▸ **Data for the task**:
----

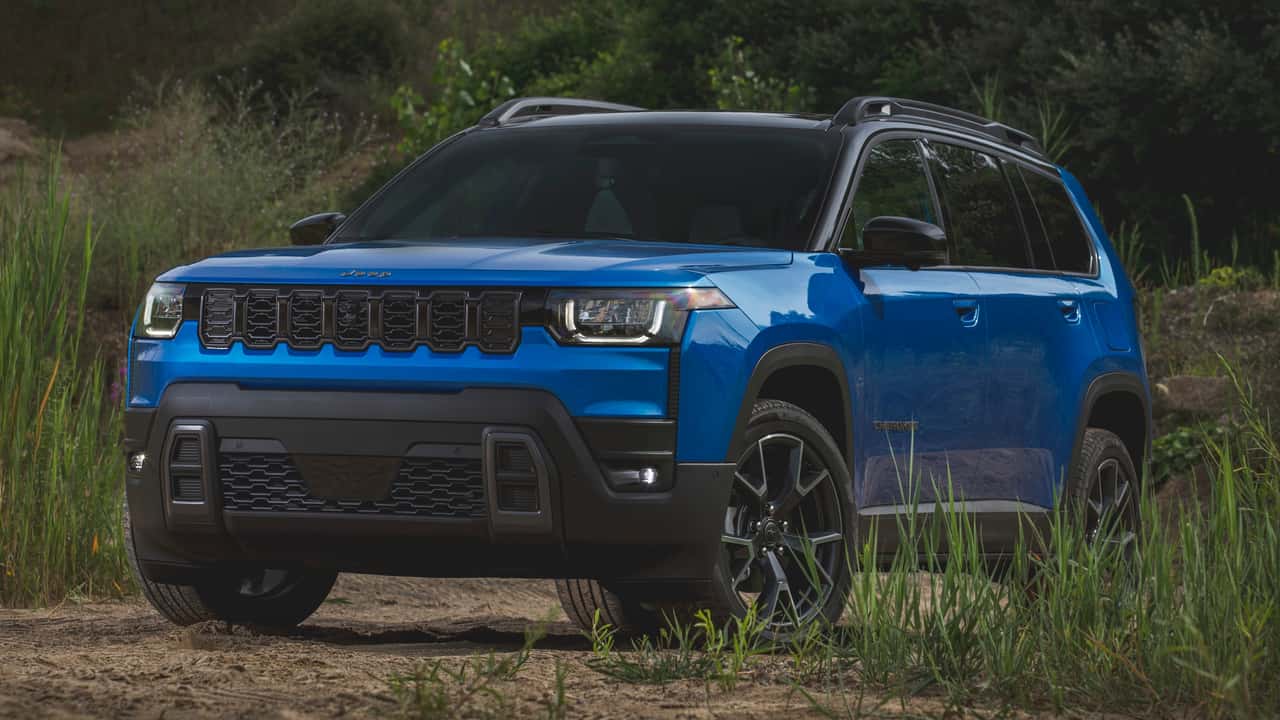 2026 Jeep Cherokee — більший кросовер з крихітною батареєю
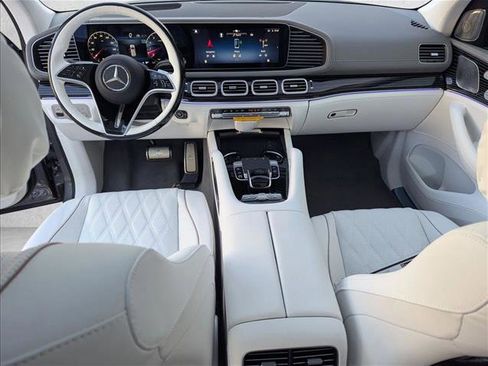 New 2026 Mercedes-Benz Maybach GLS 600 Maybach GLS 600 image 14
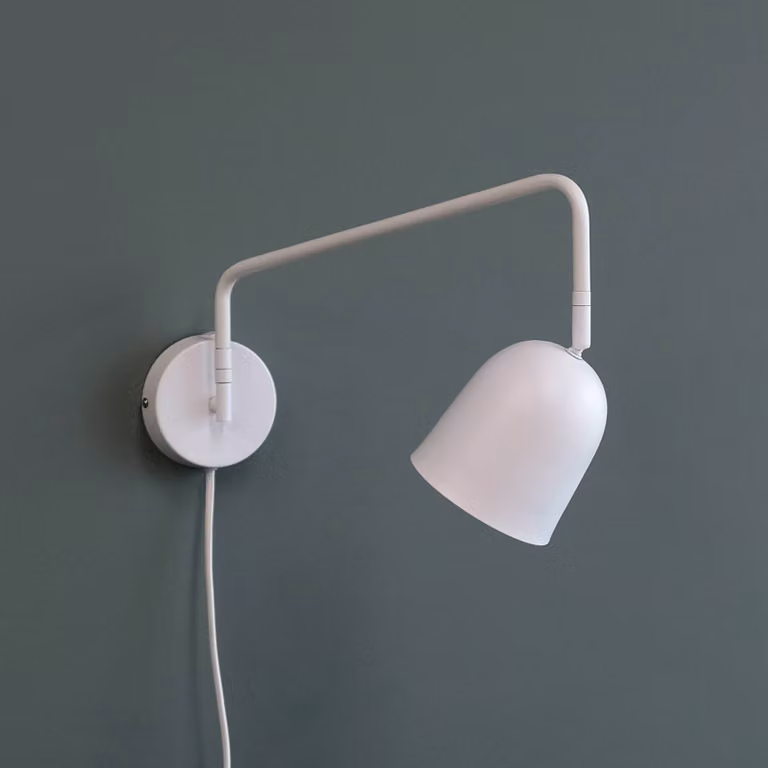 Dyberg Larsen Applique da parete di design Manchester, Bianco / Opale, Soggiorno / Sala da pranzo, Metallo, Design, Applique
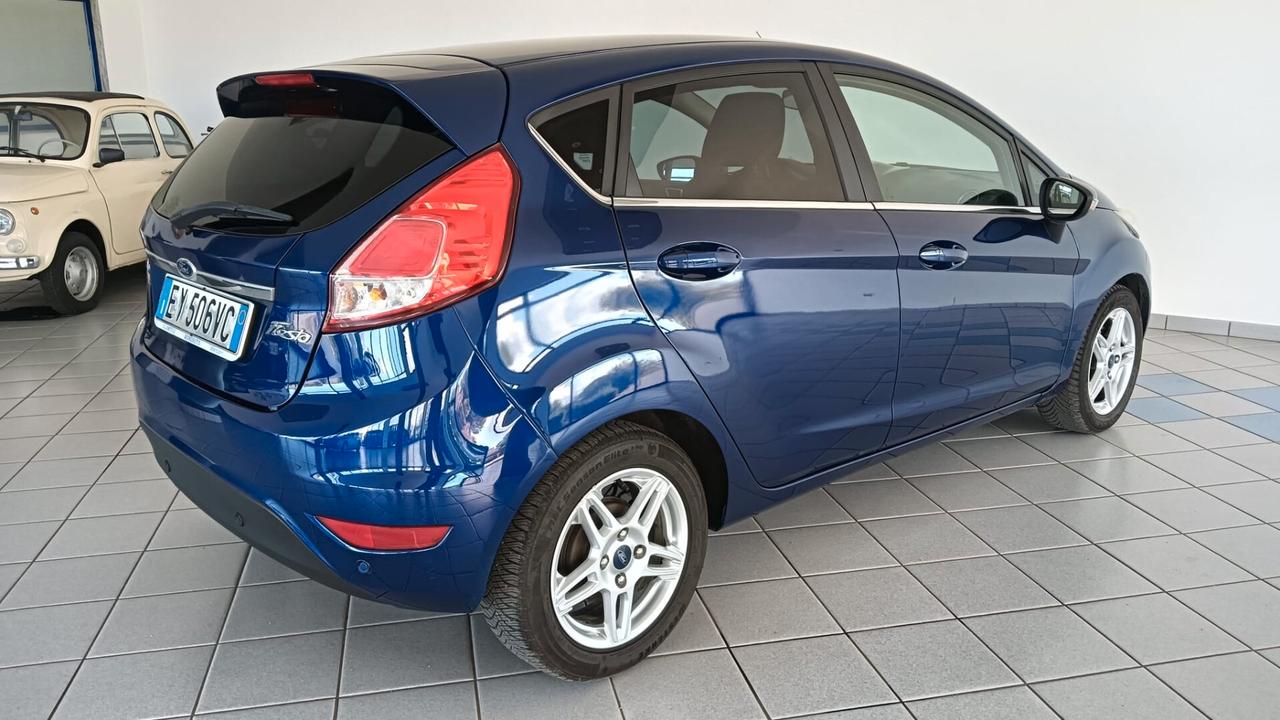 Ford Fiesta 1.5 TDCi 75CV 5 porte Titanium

----

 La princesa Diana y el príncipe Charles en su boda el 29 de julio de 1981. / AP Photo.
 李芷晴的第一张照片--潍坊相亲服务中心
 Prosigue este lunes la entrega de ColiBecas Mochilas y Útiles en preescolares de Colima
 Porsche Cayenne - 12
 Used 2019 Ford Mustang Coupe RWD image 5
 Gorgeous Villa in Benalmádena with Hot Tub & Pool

----

▸ **Work item**: Your answer is the exact run of lines above from the one with "2026 Jeep Cherokee" through the one with "Ford Fiesta 1.5 TDCi 75CV 5 porte Titanium", both ends included, minus any picture.

▸ **Answer to this exercise**:
 2026 Jeep Cherokee — більший кросовер з крихітною батареєю
 New 2026 Mercedes-Benz Maybach GLS 600 Maybach GLS 600 image 14
 Dyberg Larsen Applique da parete di design Manchester, Bianco / Opale, Soggiorno / Sala da pranzo, Metallo, Design, Applique
 Ford Fiesta 1.5 TDCi 75CV 5 porte Titanium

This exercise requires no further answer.